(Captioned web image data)

******************************

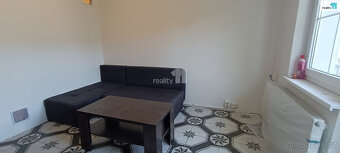 Prodej bytu 2+kk, 46,23 m², 2 lodžie, parkování – Milovice - 3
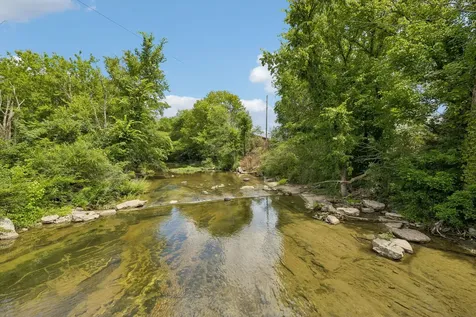 177 Spurlock Lane Hickman TN 38567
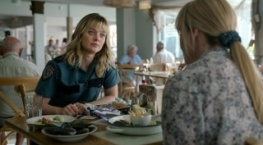 Части неё 1 сезон 1 серия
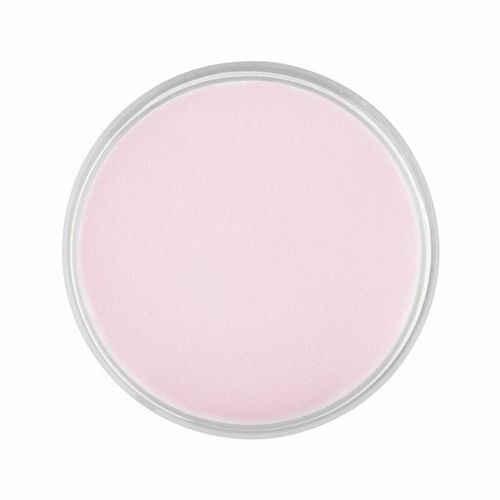 Akryl Deep Pink 30G na Arena.pl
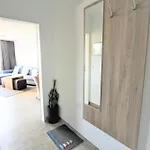 Apartman Residenz Lord Nelson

******************************

**Activity**. Where the data contains images, drop them and print the rest exactly.

**Output below**.
 Prodej bytu 2+kk, 46,23 m², 2 lodžie, parkování – Milovice - 3
 177 Spurlock Lane Hickman TN 38567
 Части неё 1 сезон 1 серия
 Akryl Deep Pink 30G na Arena.pl
 Apartman Residenz Lord Nelson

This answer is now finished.